We’re well-versed in the standard COVID-19 symptoms: cough, fever, loss of smell, headaches, fatigue and a runny nose.
But gastro-like symptoms seem to be on the rise among COVID-19 patients lately, with reports of diarrhoea, vomiting and loss of appetite becoming common complaints.
Other research suggests a hoarse voice is more common in Omicron cases than Delta strains.
How long does it take to test positive after exposure?
It depends on which test you take.
Preliminary research on the Omicron outbreak suggests rapid antigen tests (RATs) may not detect COVID-19 until at least two days after someone is exposed to the virus, and the Therapeutic Goods Administration (TGA) says they’re not as accurate if you do not have symptoms.
So it’s likely you won’t test positive on a RAT until a few days after exposure, but you could still get a false negative result on a RAT even after a few days.

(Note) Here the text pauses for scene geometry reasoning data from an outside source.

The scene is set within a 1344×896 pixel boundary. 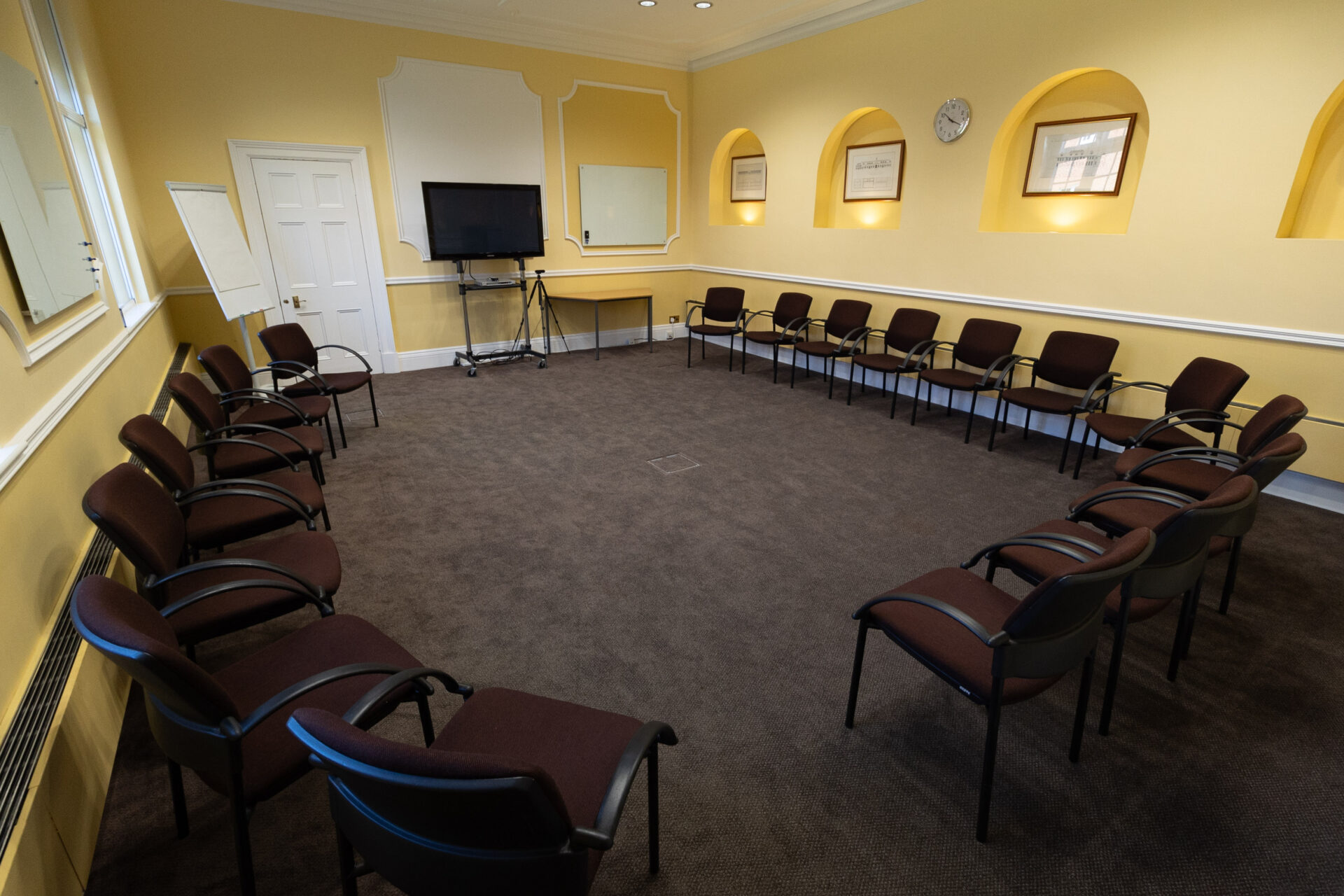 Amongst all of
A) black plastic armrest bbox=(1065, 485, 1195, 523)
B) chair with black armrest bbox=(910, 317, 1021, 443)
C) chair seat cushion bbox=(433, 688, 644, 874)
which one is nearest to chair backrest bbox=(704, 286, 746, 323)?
chair with black armrest bbox=(910, 317, 1021, 443)

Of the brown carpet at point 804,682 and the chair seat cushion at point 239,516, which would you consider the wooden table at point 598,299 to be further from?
the chair seat cushion at point 239,516

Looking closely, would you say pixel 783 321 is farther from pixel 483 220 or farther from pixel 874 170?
pixel 483 220

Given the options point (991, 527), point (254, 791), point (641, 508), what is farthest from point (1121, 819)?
point (641, 508)

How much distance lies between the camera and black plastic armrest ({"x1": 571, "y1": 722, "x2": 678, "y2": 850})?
1006 mm

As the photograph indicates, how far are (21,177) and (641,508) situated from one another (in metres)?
2.73

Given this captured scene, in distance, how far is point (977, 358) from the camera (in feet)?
15.5

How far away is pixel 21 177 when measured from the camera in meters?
2.21

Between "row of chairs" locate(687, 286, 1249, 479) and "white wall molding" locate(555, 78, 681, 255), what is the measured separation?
1.34 m

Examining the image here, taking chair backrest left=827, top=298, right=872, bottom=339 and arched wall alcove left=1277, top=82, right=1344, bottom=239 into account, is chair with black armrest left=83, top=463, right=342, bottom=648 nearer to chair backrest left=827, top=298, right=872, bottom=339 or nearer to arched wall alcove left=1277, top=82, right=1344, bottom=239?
chair backrest left=827, top=298, right=872, bottom=339

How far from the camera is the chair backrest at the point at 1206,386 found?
129 inches

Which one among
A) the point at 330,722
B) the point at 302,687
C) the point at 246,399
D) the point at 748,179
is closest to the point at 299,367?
the point at 246,399

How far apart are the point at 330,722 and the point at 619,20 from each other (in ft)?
21.6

On the other hand, PCR tests are likely to detect the virus earlier than RATs.
The TGA says those tests — the ones you have to go to a testing clinic for — can sometimes detect the virus even before people start noticing symptoms.
Peter Richmond, a vaccine and paediatrics expert at the University of Western Australia, said PCR tests could pick up very low levels of the virus and could return a positive result “potentially even before you’re infectious”.
So when should I get tested?
When you develop symptoms.
Professor Richmond says you shouldn’t rush out to get tested the day after you think you could have been exposed to the virus. It’s unlikely the virus will be picked up that early.
“You want to wait two to three days before you get your PCR test,” he said.
The same goes for RATS.
Registered nurse and disease control expert Thea van de Mortel from Griffith University recommended waiting a couple of days after being exposed to the virus before taking a rapid test — that’s because RATs usually don’t pick up the virus unless someone has symptoms.
“It takes a while for the viral load to get up to the point where it’s detectable,” Professor van de Mortel said.
Does that mean I should get re-tested?
If you’ve returned a negative result on a RAT but you still have symptoms, the advice is to isolate for another 24 hours before doing another RAT or have a PCR test.
That’s because RATs work by detecting a protein the virus produces, and giving yourself another day may give the virus more time to produce a detectable amount of that protein.
“In that interval, if you do have COVID, you will have increased the amount of virus you have and, therefore, increased the amount of protein and will then get a positive RAT,” Professor Richmond said.
“But if you’ve got a negative PCR with symptoms, you’re probably OK. You don’t need to necessarily repeat it the following day.”
How long are you contagious for after testing positive?
Most people will no longer be contagious after 10 days from the onset of their symptoms.